(Beginning of AVAILABLE DATA)
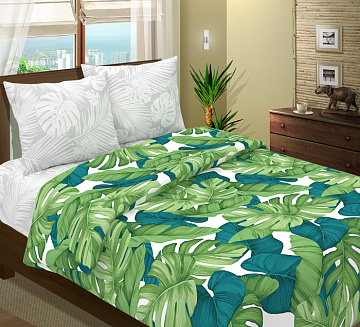 Постельное белье "Монстеро", Бязь 125гр
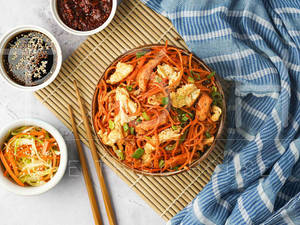 Chicken Schezwan Noodle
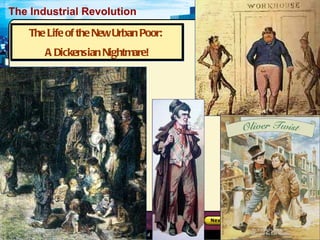 The Life of the New Urban Poor:  A Dickensian Nightmare! 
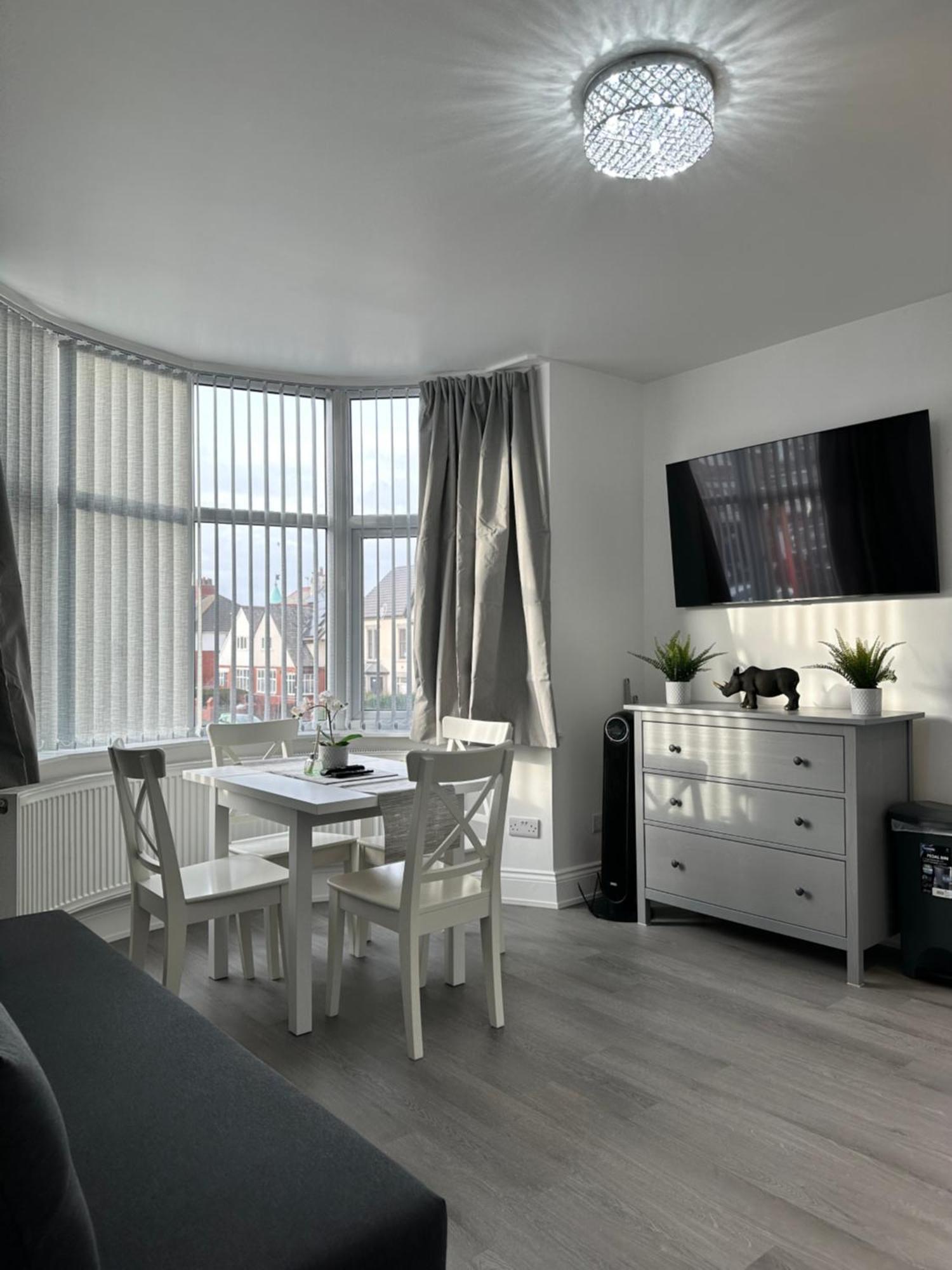 Granada Apartments Holmfield Rd Blackpool Exterior foto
(End of AVAILABLE DATA)
— ASSIGNED TASK —
Only the words belong in your copy: restate the data above exactly and leave the images out.

— TASK SOLUTION —
 Постельное белье "Монстеро", Бязь 125гр
 Chicken Schezwan Noodle
 The Life of the New Urban Poor:  A Dickensian Nightmare! 
 Granada Apartments Holmfield Rd Blackpool Exterior foto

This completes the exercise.